Let Customers Know You’re Moving!
After doing all of the above, you should now be ready to start moving your business online. This means you need to start letting everybody know that the move is taking place, whether that’s your existing customers or the vast herds of online customers who don’t even know you exist yet.
Spread The Word About Your Business
First, start bragging about your accomplishment. It’s a lot of work to add an online component to your business, if not take the entire enterprise online, and so you probably want to talk about it. Don’t badger people but spread the word to those in your personal and professional life. Word-of-mouth is still very important when it comes to marketing.
Promote Through Using Digital Marketing
You may have an advertising budget; in which case you can use that to buy advertisements via Facebook or Google AdWords. This is a more traditional but tried-and-true form of advertising that places your business name and imagery on people’s screens in the hopes that they notice and check you out. Track the returns you get via traffic through these ads, so you can stop wasting money if they are not working.
Email Your Existing Customers
Since you’re taking your business online, you probably have a list or database somewhere full of your existing customers. Use an emailing list to contact them en masse. Respect their time, however, by sending out one or two messages that are short, informative, and appreciative, as opposed to spamming their inbox.
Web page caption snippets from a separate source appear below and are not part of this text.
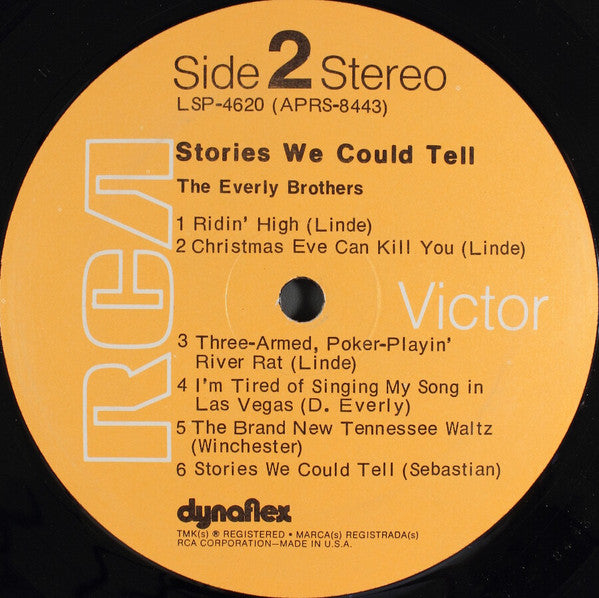 Everly Brothers - Stories We Could Tell (Vinyl, LP, Album, Stereo)
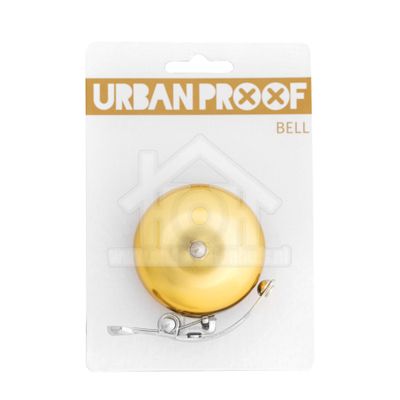 UrbanProof Retro bel 6 cm goud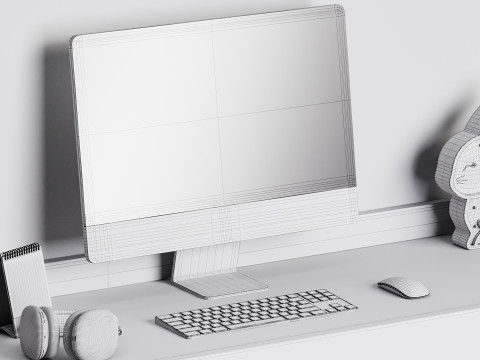 Modern Workplace 07 3D मॉडल
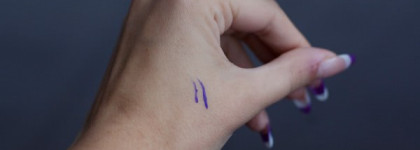 Lush liquid eyeliner «Feeling secure» Подводка: укрощение и наслаждение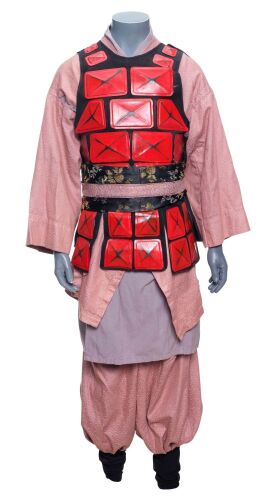 1039. Red Samurai Costume ### TEENAGE MUTANT NINJA TURTLES III (1993)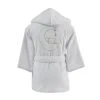 Sensei Maison Peignoir De Bain Enfant 450 Gr/m² Blanc 02 Ans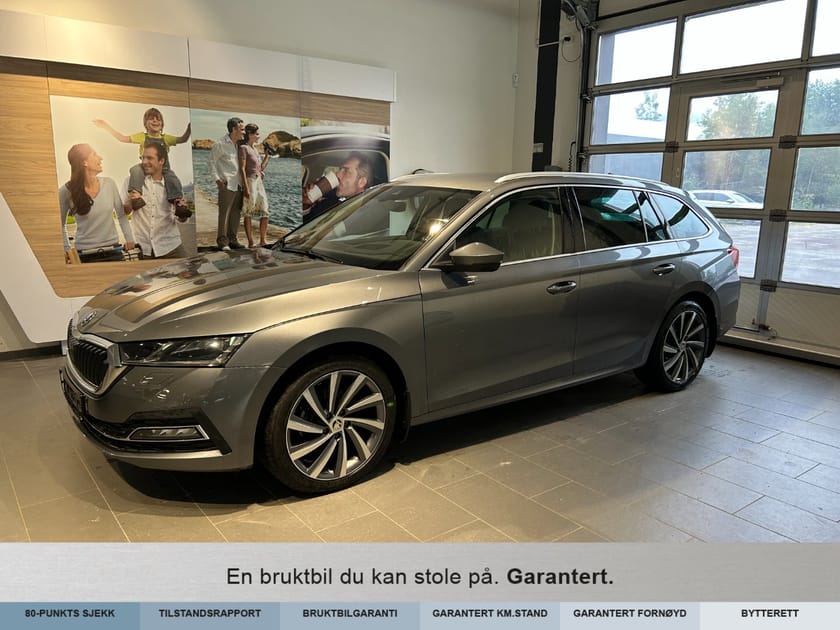 Bilde 2 av Škoda Octavia Stasjonsvogn Oct a8 stv sty150hk 4x4 dsg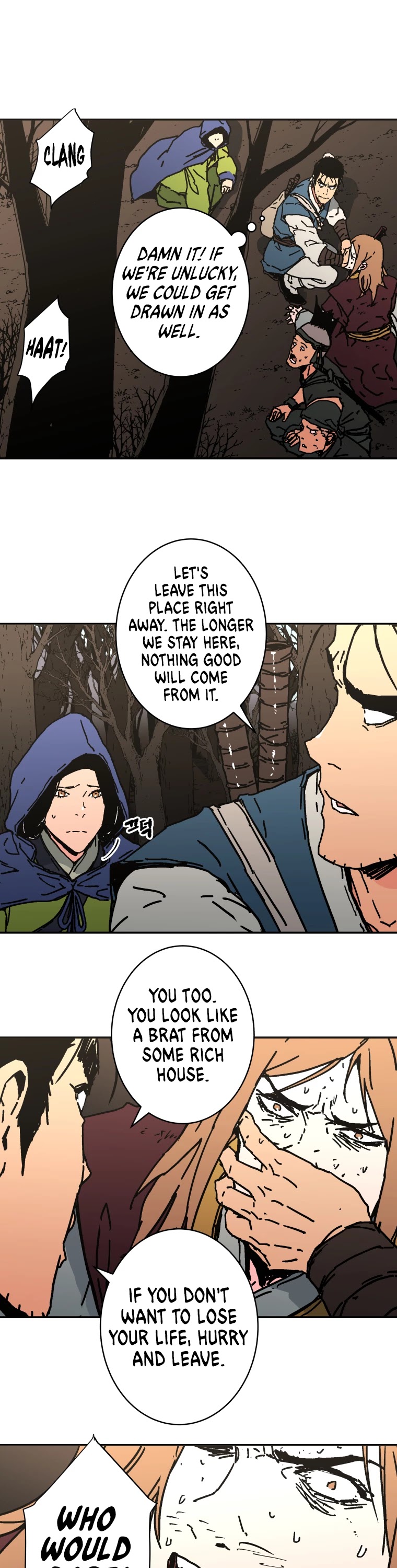 Peerless Dad Chapter 161 page 36 - Chapter 161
If you have an interested customer base and your emails land well, you’ll have an instant shot of traffic and word-of-mouth advertising for your new online business. You may have a brick-and-click business model, where you have a site and keep your store, in which case you can ask customers to tell others that you now have an online component so people even further away can enjoy your services.
Promote The Website Through Social Media
If you haven’t already, you should create business social media that you’ll then use to drive traffic to your website and other business entities online. Create posts hyping up the new site launch and let everybody know when they can start buying.
If you were a local business and had popular local social media pages then you can advertise to friends if you have a base there that wouldn’t mind doing business with you.
Establish An SEO Presence
Lastly, sometimes standing out online depends on how well you play the SEO game. Search Engine Optimization is the discipline where you tailor your site and your content towards ranking highly when people search for certain words. By targeting relevant keywords to your business and your industry as a whole, you can slowly climb the results pages until you’re sitting at a top spot.
Now we’ve reached the end of our guide on migrating pre-existing businesses online. From planning to execution, you should now have the knowledge needed to take a brick-and-mortar store and enhance it by using the Internet, whether that’s by starting a site or taking the entire operation online.
Whichever one you choose; you can rest assured that the possible returns on investment for online businesses are great. With relatively little investment on your part, you can fine-tune ecommerce and affiliate sites to perform very well and generate a lot of revenue over time, creating passive income with less effort.
While you have established an online business, remember that you can always grow your online brand in the future to make it even better.